Medyanın toplumsal adalete, bireylerin hak ve adalet arayışlarına katkı sunabileceği gibi, yargı mekanizmalarının işleyişine birtakım olumsuz etkiler de yapabileceğine işaret eden İletişim Başkanı Altun, bu olumsuzlukların başında, devam eden yargı süreçleriyle ilgili gizlilik ihlallerinin geldiğini aktardı.

Medya ve adalet ilişkisi bağlamında ana sorunun, hukuk bilgisi noksanlığı ve kaynağı her ne olursa olsun çıkar temelli yayıncılık anlayışı olduğunu söyleyen İletişim Başkanı Altun, bu sorun karşısında medya kuruluşlarının öncelikle hukukun son derece önemli bir ihtisas alanı olduğunu göz önünde bulundurması gerektiğini anlattı.

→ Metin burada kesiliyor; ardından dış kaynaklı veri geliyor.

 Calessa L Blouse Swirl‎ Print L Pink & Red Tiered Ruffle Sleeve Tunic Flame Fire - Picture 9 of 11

Sıhhatli bir medya ve adalet ilişkisinin tesisinde kamu otoritelerine de büyük sorumluluk düştüğünü aktaran İletişim Başkanı Altun, "Bu alanda birincil derecede sorumlu kurum ve kuruluşlarımız öncülüğünde yargı okuryazarlığını artırmak belki de en önemli meselelerimizden bir tanesidir. Adalet Bakanlığımız ile birlikte İletişim Başkanlığımızın üzerinde durduğu temel meselelerden biri, bu hususta bir bilinç oluşturmak, bu anlamda yargı okuryazarlığını hem medyamızda hem toplumda yaymaya, arttırmaya dönük çaba sarf etmektir. Medya ve yargı organları arasında sistematik iletişim mekanizmaları oluşturulmalı ve kamuoyunun düzenli şekilde bilgilendirilmesi de bu bağlamda son derece önemlidir. Söz konusu mekanizmalara üniversiteler ve STK'ların da dâhil edilmesi, hukuki süreçlerle ilgili bilinç ve farkındalık eğitim programları, etkinlikler ve projeler bu süreçte elbette yaygınlaştırılmak durumundadır." değerlendirmesinde bulundu.

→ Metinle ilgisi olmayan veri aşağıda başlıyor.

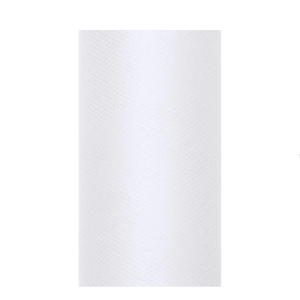 Tiul 0,15x9m gładki biały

“Sosyal medya platformları sıklıkla manipüle edilen bir yapıya sahip”

Günümüzde adalet-medya ilişkisini etkileyen bir diğer faktörün ise dijital iletişim dönemi ve sosyal medya platformları olduğunu vurgulayan İletişim Başkanı Altun, şöyle devam etti:

“Sosyal medya platformları, konvansiyonel medya araçlarına nazaran etkileşim ve popüler olma kaygısı nedeniyle dezenformasyonun, yanlış bilgilerin daha hızlı yayıldığı mecralar. Sosyal medya platformları siyasi ve ticari kaygılarla da sıklıkla manipüle edilen bir yapıya sahip. Dijital mecraların manipülasyona açık yapısı, yargılama süreçlerinde, masumiyet karinesinin hiçe sayılarak linç kültürünün yaygınlaşmasına sebep oluyor. Sözüm ona sosyal medya mahkemeleriyle, yargısız infazlarla, dijital linçlerle yargı aleni şekilde baskı altında tutulmaya çalışılıyor. Bu mecralarda sık gördüğümüz itibar suikastlarıyla mahremiyet ihlal ediliyor, en temel bireysel hak ve özgürlükler hiçe sayılıyor. Bilhassa kamuoyuna yansıyan hassas soruşturma ve davalarda kimi zaman suç ve suçlu kötücül amaçlarla ne yazık ki mitleştiriliyor, efsaneleştiriliyor, hatta kahramanlaştırılabiliyor. Dijital ortamlarda linçe maruz kalanlarda ise onulmaz ve ağır psikolojik travmalar meydana geliyor. Emniyet ve adalet teşkilatımızın bin bir emekle yürüttüğü süreçler akamete uğratılıyor ve adil yargılama zorlaşıyor. Bu durum her şeyden önce toplumsal adalet duygusunu ve kurumların itibarını zedelediği gibi toplumda cezasızlık algısının oluşmasına sebebiyet veriyor.

Şurası çok açık; toplumsal kutuplaşmaya da sebebiyet veren fakat özünde toplumun adalet telakkisine, bireylerin hak ve adalet arayışlarına zarar veren bu tür kötücül faaliyetler büyük birer vebaldir, bununla beraber suçtur. Sosyal medya platformları bu suçun işlenmesine aracılık ettiği ve göz yumduğu müddetçe birincil derecede sorumludur. Dijital platformlar sorumluluklarını yerine getirmedikleri takdirde yaptırıma tabi tutulacaklarını da bilmek durumundadırlar. Bu platformlardan neşet eden dezenformasyon ve linç kültürüne karşı hem hukuki olarak elimiz güçlü olmalı hem de ihtiyaç hâlinde gerekli düzenlemeleri hızla hayata geçirebilmeliyiz. Bunun yanı sıra düzenleyici kurum ve kuruluşların hiçbir ayrım gözetmeden, haberin ve dezenformasyonun nereden geldiğine bakmadan cesaretle bu konudaki her türlü ihlali engellemesi ve caydırıcı yaptırımlar ortaya koyması gerekir.”